*DATA UNDER STUDY*.
***

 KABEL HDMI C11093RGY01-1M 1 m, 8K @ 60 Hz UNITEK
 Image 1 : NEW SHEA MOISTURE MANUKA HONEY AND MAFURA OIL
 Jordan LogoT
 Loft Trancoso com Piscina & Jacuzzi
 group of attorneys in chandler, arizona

***

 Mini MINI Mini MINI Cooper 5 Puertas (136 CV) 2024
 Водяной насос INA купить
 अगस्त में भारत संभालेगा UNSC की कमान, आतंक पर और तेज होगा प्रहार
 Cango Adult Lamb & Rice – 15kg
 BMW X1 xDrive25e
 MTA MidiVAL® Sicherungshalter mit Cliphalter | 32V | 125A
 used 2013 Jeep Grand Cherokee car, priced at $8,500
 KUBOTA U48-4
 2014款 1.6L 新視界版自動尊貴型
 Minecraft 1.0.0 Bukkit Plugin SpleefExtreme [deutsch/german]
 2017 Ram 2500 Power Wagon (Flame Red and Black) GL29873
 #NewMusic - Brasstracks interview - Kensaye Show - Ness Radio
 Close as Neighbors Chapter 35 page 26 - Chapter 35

***

*EXERCISE OBJECTIVE*. Set down, exactly as they appear above, all lines from the one that has "KUBOTA U48-4" down to the one that has "Close as Neighbors", including those two and no others.

*OUTPUT OF THE TASK*.
 KUBOTA U48-4
 2014款 1.6L 新視界版自動尊貴型
 Minecraft 1.0.0 Bukkit Plugin SpleefExtreme [deutsch/german]
 2017 Ram 2500 Power Wagon (Flame Red and Black) GL29873
 #NewMusic - Brasstracks interview - Kensaye Show - Ness Radio
 Close as Neighbors Chapter 35 page 26 - Chapter 35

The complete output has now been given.